### Given information

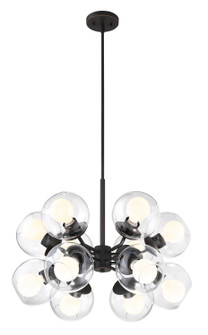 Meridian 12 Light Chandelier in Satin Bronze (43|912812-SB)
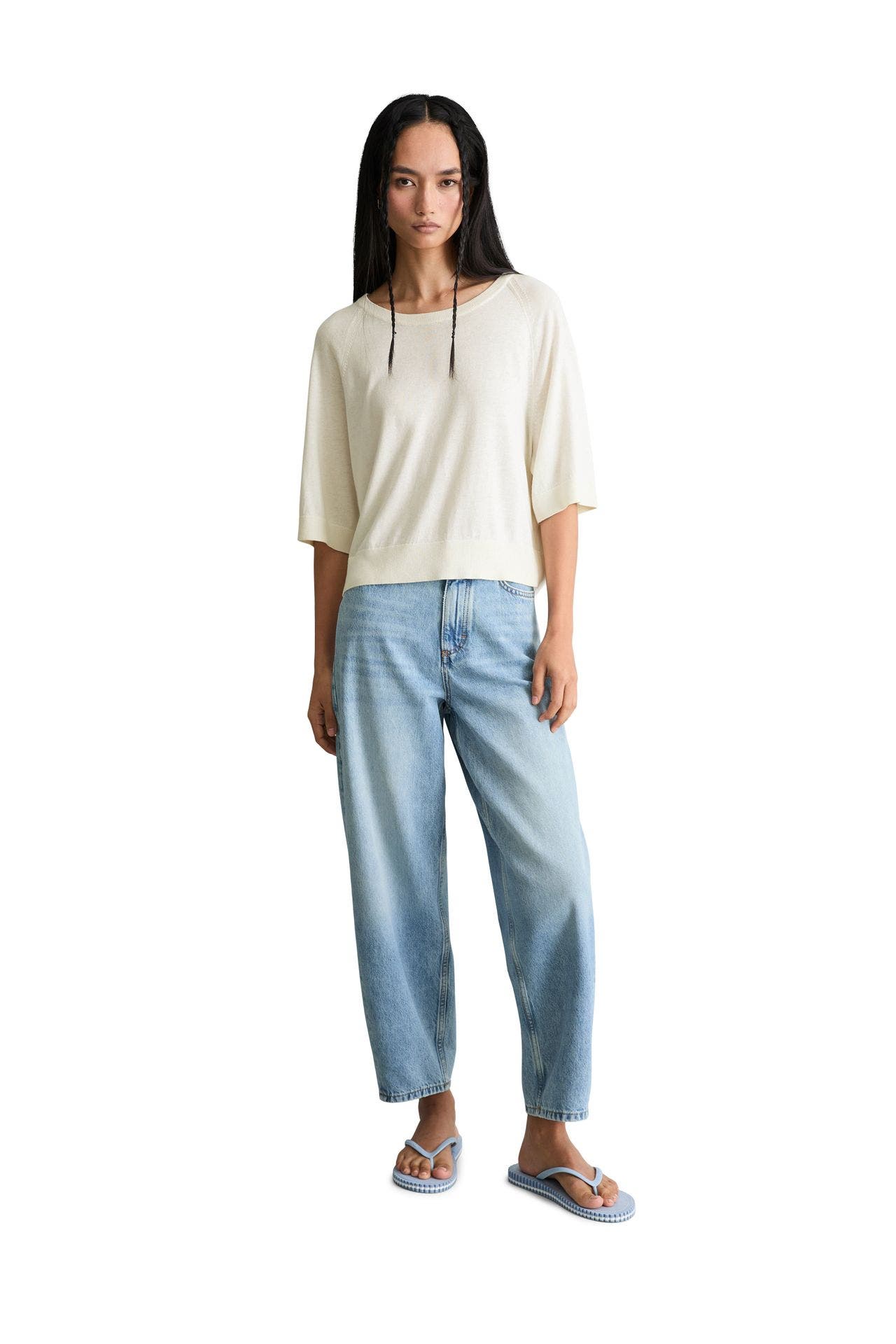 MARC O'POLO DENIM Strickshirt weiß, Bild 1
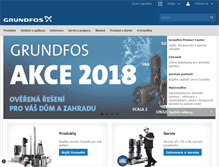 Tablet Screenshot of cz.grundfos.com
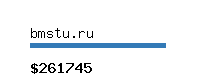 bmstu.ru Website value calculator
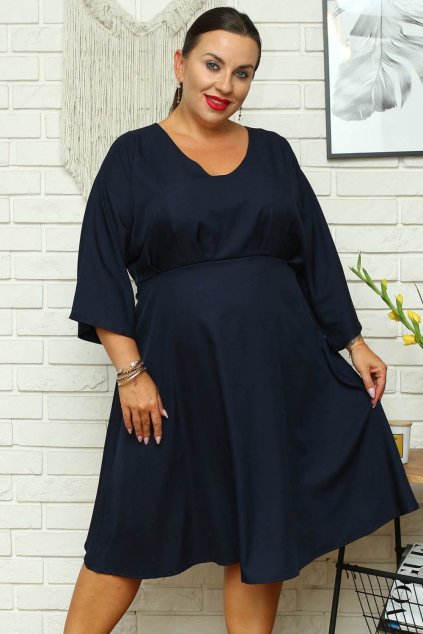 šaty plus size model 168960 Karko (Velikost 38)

######
### Given information

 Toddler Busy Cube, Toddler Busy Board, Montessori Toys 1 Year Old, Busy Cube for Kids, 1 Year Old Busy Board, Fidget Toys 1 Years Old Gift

######
### Given information

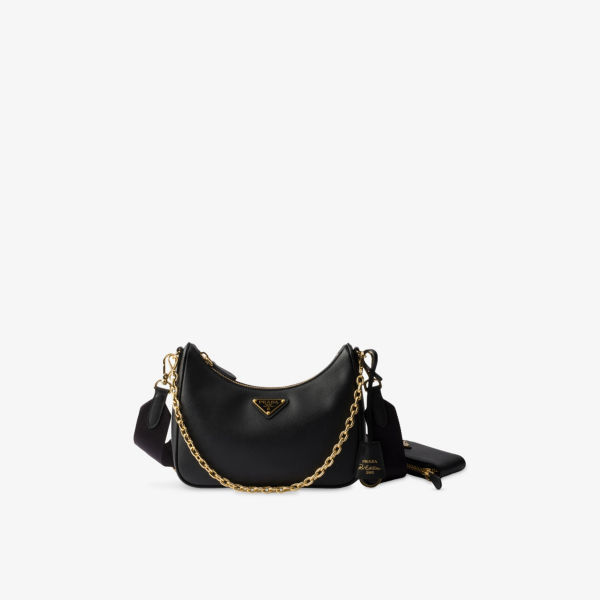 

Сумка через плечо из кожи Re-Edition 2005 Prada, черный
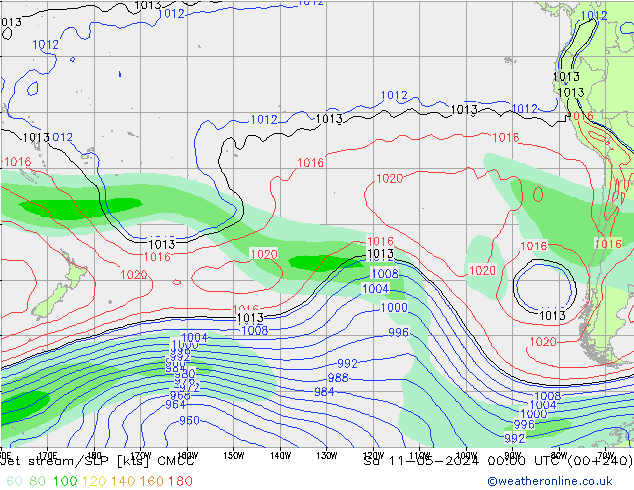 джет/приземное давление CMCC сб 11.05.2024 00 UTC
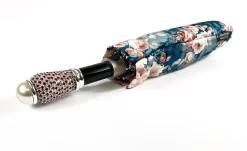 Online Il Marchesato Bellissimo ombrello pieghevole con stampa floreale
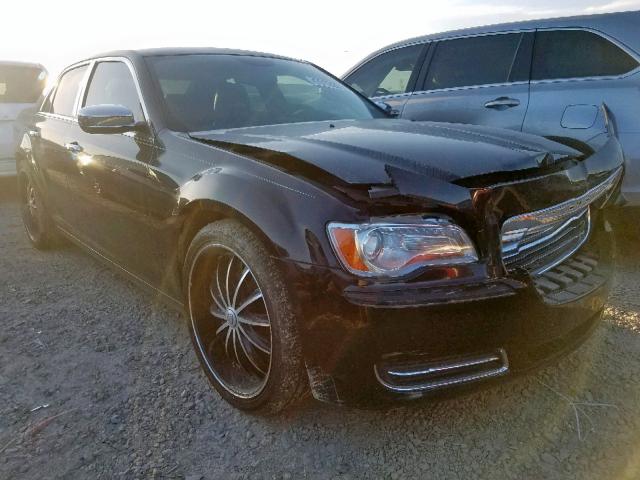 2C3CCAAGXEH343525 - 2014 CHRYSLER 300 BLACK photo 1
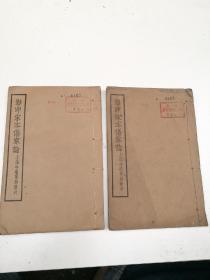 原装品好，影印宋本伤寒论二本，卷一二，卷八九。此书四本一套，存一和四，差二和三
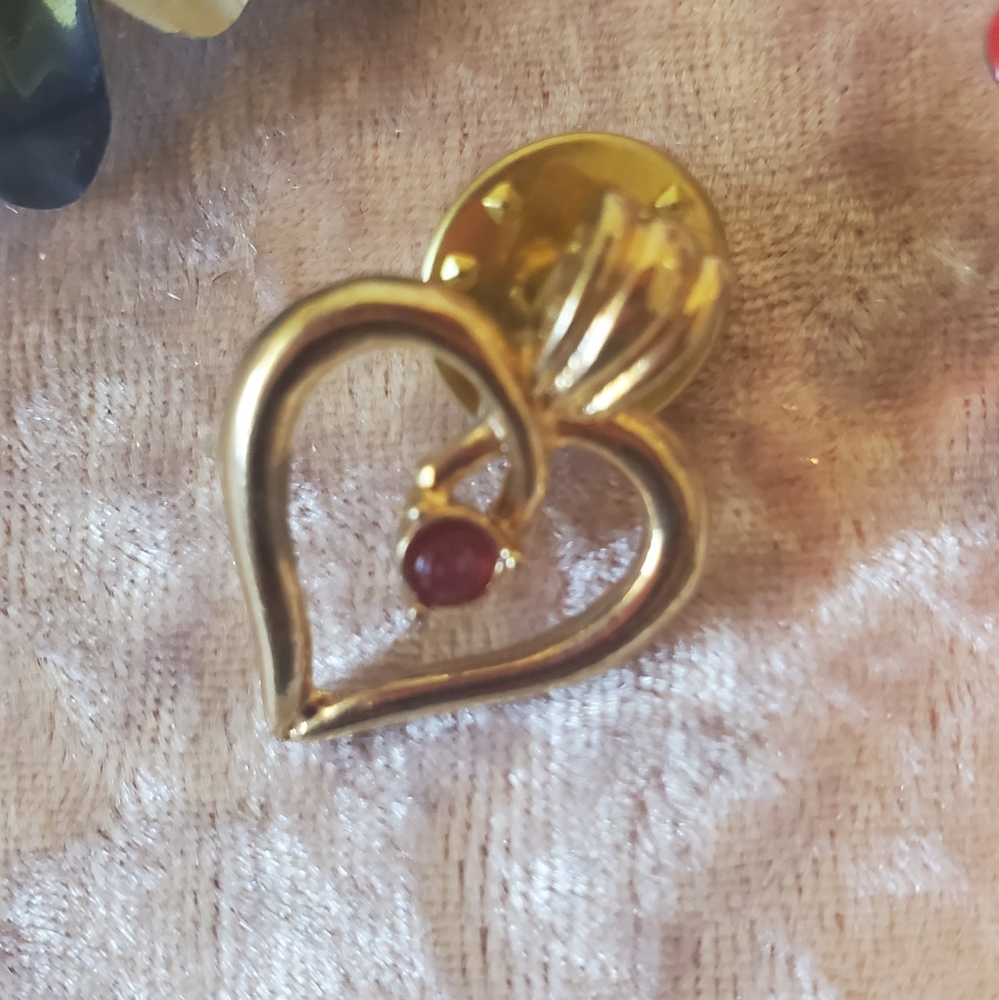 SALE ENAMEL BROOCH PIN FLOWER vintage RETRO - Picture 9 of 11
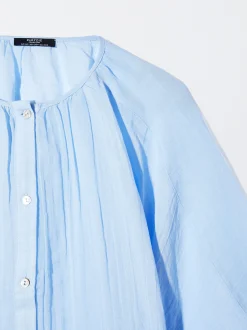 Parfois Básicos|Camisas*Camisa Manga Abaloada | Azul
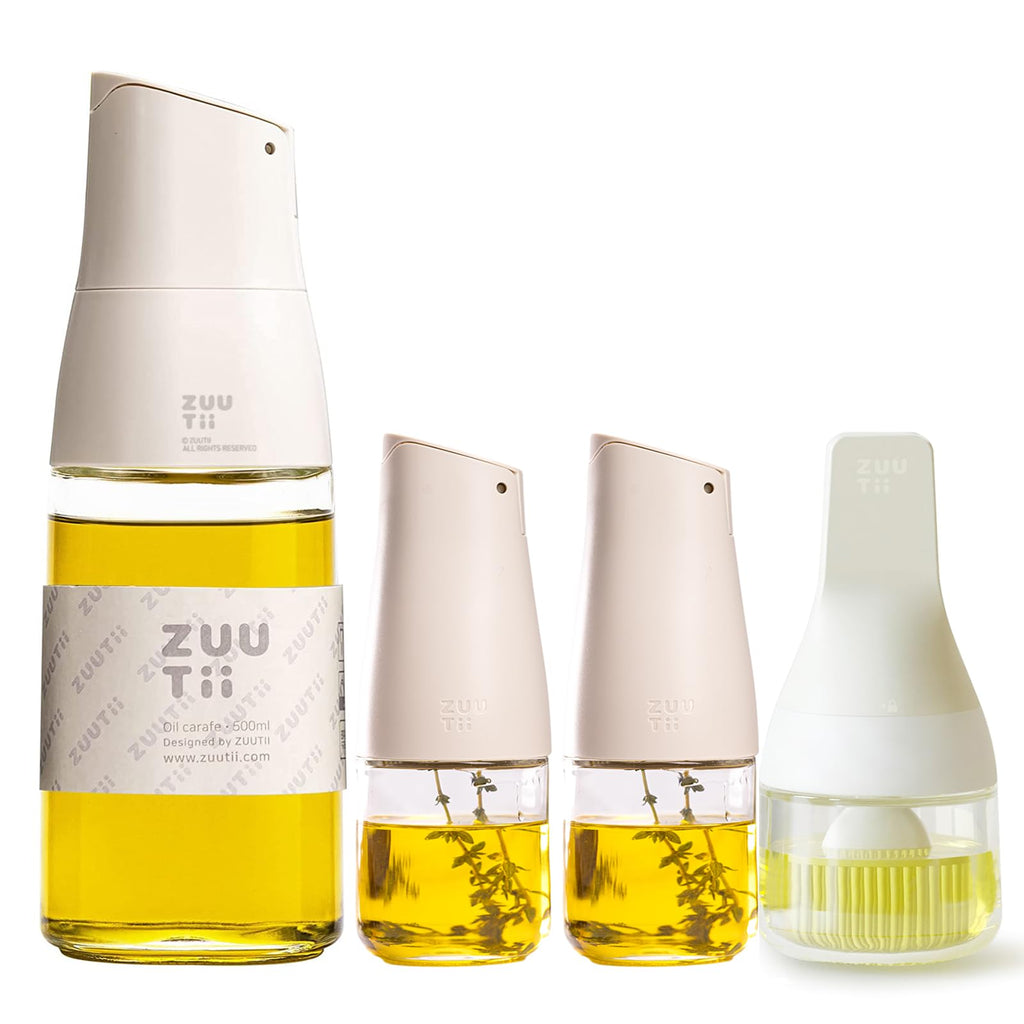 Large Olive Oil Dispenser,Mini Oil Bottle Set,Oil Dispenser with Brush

######

▶ What to do: Write out exactly the lines above between the one with "Meridian 12 Light" and the one with "šaty plus size", inclusive, with pictures left out.

▶ Exercise result:
 Meridian 12 Light Chandelier in Satin Bronze (43|912812-SB)
 MARC O'POLO DENIM Strickshirt weiß, Bild 1
 Tablet Screenshot of cz.grundfos.com
 bmstu.ru Website value calculator
 šaty plus size model 168960 Karko (Velikost 38)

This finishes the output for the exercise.